Segment Open
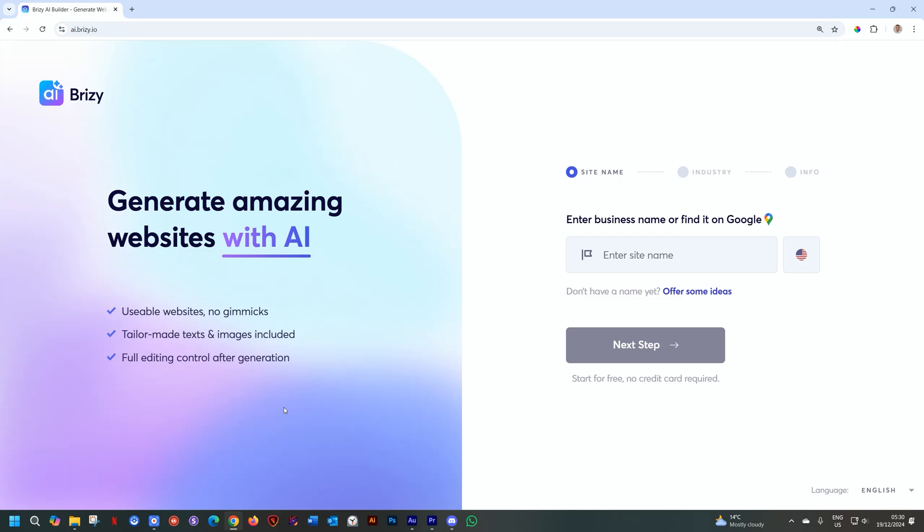Welcome back to Brizzy, and we're talking about the AI Builder for Brizzy, in which we have made a slight update to the Google Business feature within the Builder that can really help speed up building that website you are looking for.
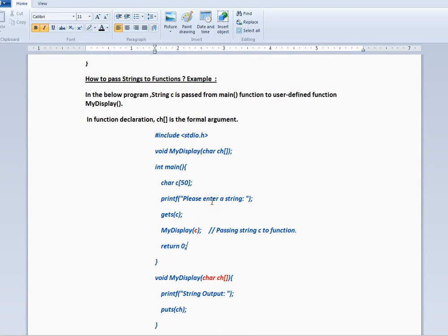Hi friends, welcome to C programming tutorial. In this video I'm going to talk about how to pass strings to a function.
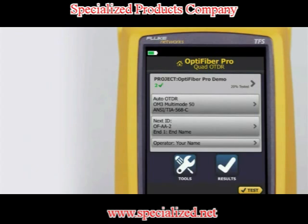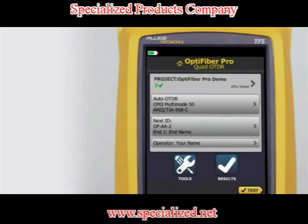When using the OptiFiber Pro OTDR, Fluke Networks recommends you use launch and tail cords. You should also use the launch tail cord compensation function to remove the lengths of these fibers from the OTDR measurements. Launch and tail cords let the tester measure the loss and reflectance of the first and last connectors in the cabling, and also include them in the measurement of the overall loss.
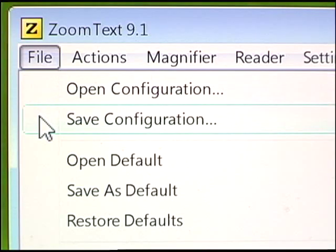Now that's really convenient. ZoomText works with any PC running Windows Vista, XP, or Windows 2000. And if you're connected to the Internet, ZoomText will automatically update itself when updates become available, to make sure that you're always using the latest and greatest version.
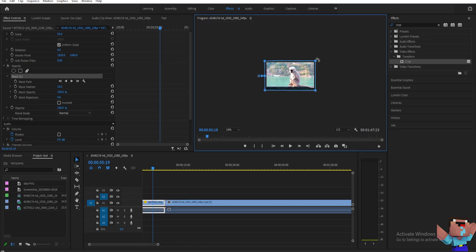And then once you've done that, you can now move the points now on your mask and then it's going to create a crop on the outside of the square. So basically, this will give you more control for the crop.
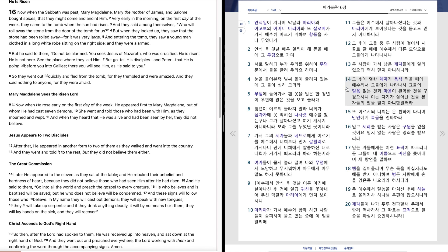그 후에 열한 제자가 음식 먹을 때에 예수께서 그들에게 나타나사 그들의 믿음 없는 것과 마음이 완악한 것을 꾸짖으시니 이는 자기가 살아난 것을 본 자들의 말을 믿지 아니함이러라.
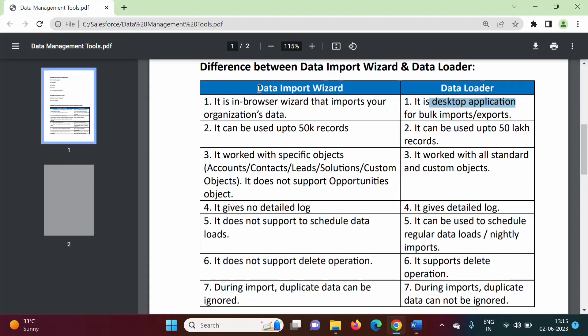As the name suggests, Data Import Wizard is used for importing purposes. While Data Loader can be used for imports and also for exports.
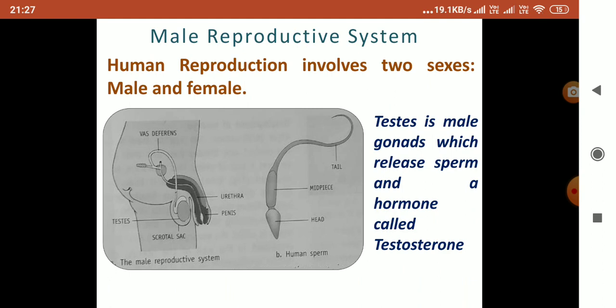There is a pouch-like structure called the scrotum or scrotal sac. Inside this pouch, the testes are present. From the testes, a pipe called the vas deferens carries the sperm to the urethra, and through the urethra the sperm moves to the male organ, the penis.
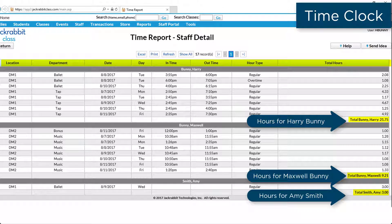Jackrabbit's Time Clock feature is designed to assist your organization with managing employee hours for payroll processing.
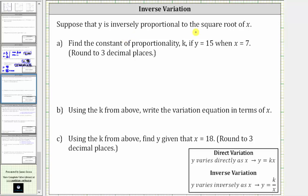Suppose that y is inversely proportional to the square root of x. Whenever we're told y is inversely proportional, or y varies inversely, we have inverse variation. Looking at the notes below, if we are told that y varies inversely as x, we use the inverse variation equation y equals k divided by x, where k is the constant of proportionality.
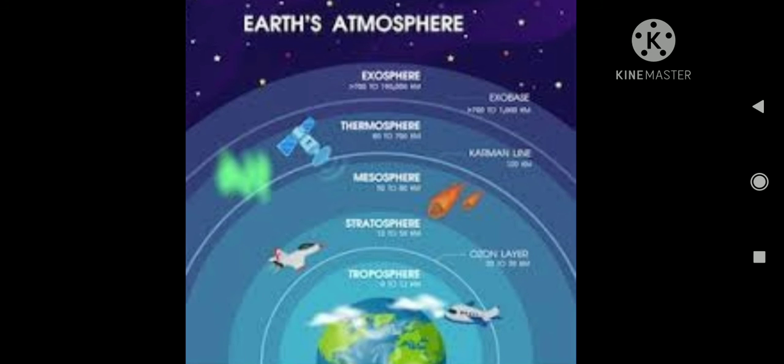As we move upwards in the Earth's atmosphere, the air pressure gradually decreases.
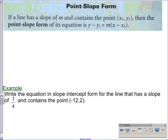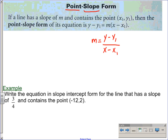The point-slope form is a way to get an equation for a line. Just like the name says, you are given a point and you know the slope. Where it comes from: the slope is y minus y1 divided by x minus x1. If you think of the denominator as a single quantity and multiply both sides by it, y minus y1 equals m times x minus x1. There is your point-slope form.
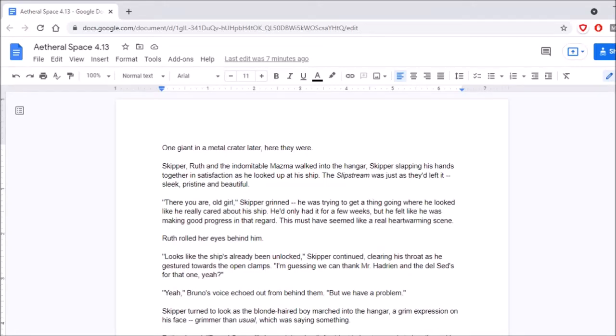Hello! Welcome back to Averill Space 4.13. We're almost halfway through Arc 3. And you know what else? Guess what?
Segment Closed
__ABOUT THIS TASK__
Output the listing above exactly as it stands; no picture should appear.

__FINAL ANSWER__
Welcome back to Brizzy, and we're talking about the AI Builder for Brizzy, in which we have made a slight update to the Google Business feature within the Builder that can really help speed up building that website you are looking for.
Hi friends, welcome to C programming tutorial. In this video I'm going to talk about how to pass strings to a function.
When using the OptiFiber Pro OTDR, Fluke Networks recommends you use launch and tail cords. You should also use the launch tail cord compensation function to remove the lengths of these fibers from the OTDR measurements. Launch and tail cords let the tester measure the loss and reflectance of the first and last connectors in the cabling, and also include them in the measurement of the overall loss.
Now that's really convenient. ZoomText works with any PC running Windows Vista, XP, or Windows 2000. And if you're connected to the Internet, ZoomText will automatically update itself when updates become available, to make sure that you're always using the latest and greatest version.
And then once you've done that, you can now move the points now on your mask and then it's going to create a crop on the outside of the square. So basically, this will give you more control for the crop.
그 후에 열한 제자가 음식 먹을 때에 예수께서 그들에게 나타나사 그들의 믿음 없는 것과 마음이 완악한 것을 꾸짖으시니 이는 자기가 살아난 것을 본 자들의 말을 믿지 아니함이러라.
As the name suggests, Data Import Wizard is used for importing purposes. While Data Loader can be used for imports and also for exports.
There is a pouch-like structure called the scrotum or scrotal sac. Inside this pouch, the testes are present. From the testes, a pipe called the vas deferens carries the sperm to the urethra, and through the urethra the sperm moves to the male organ, the penis.
Jackrabbit's Time Clock feature is designed to assist your organization with managing employee hours for payroll processing.
Suppose that y is inversely proportional to the square root of x. Whenever we're told y is inversely proportional, or y varies inversely, we have inverse variation. Looking at the notes below, if we are told that y varies inversely as x, we use the inverse variation equation y equals k divided by x, where k is the constant of proportionality.
As we move upwards in the Earth's atmosphere, the air pressure gradually decreases.
The point-slope form is a way to get an equation for a line. Just like the name says, you are given a point and you know the slope. Where it comes from: the slope is y minus y1 divided by x minus x1. If you think of the denominator as a single quantity and multiply both sides by it, y minus y1 equals m times x minus x1. There is your point-slope form.
Hello! Welcome back to Averill Space 4.13. We're almost halfway through Arc 3. And you know what else? Guess what?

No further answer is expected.